Ainda tenho bem presente aquelas imagens de Jack Nicholson com as duas cicatrizes frontais após ter sido submetido à leucotomia pré-frontal. Um homem morto em vida, vazio, anulado e esventrado de todas as emoções. Randall fingiu-se de louco para escapar à prisão e ser internado num hospital psiquiátrico. A sua esperteza e loucura acabou na mais severa das prisões perpétuas.

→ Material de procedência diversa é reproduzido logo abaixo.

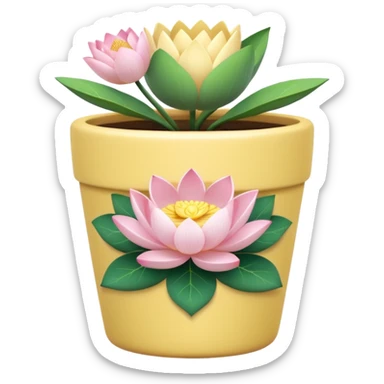 Short, cylindrical ceramic flower pot in pastel yellow, containing a lotus flower plant. sticker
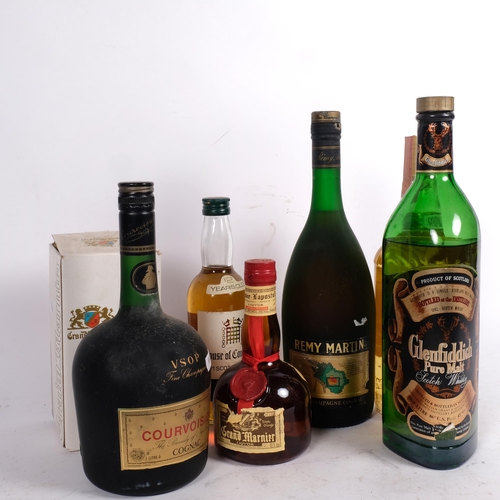 610 - Bottle of Courvoisier, Remy Martin, Glenfiddich Whisky, Grand Marnier etc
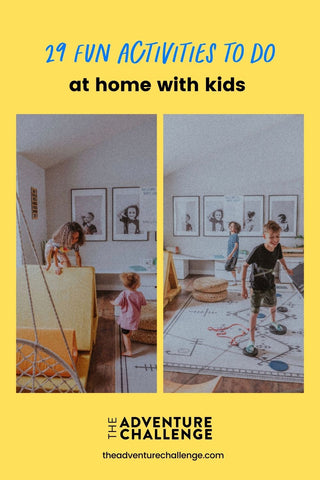 Collage of photos of kids enjoying and playing games in their living room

É um facto que vejo à minha frente uma crescente sociedade que voa sobre um ninho de cucos. Todos os dias se senta à minha frente gente perdida e amparada em caixas e caixas de psicofármacos. Mentes estagnadas como água choca com insectos à tona afogando-se lentamente. Se dantes eram alguns, agora são muitos e custa ver estas vidas perdidas na depressão e nas drogas que as anulam. Num mundo cada vez mais tecnológico, robótico e voando sobre a inteligência artificial, custa a entender (ou talvez não) como cresce a degradação da mente. De que vale uma vida biológica colada a uma mente morta? De que vale a preservação das funções vitais coladas a um corpo inanimado? Há muitas perguntas que faço e respostas que não encontro neste voo rasante sobre o ninho de cucos. Talvez o amor seja a resposta a isto tudo, ou talvez não. Entretanto o ninho cresce e os cucos não conseguem bater as asas.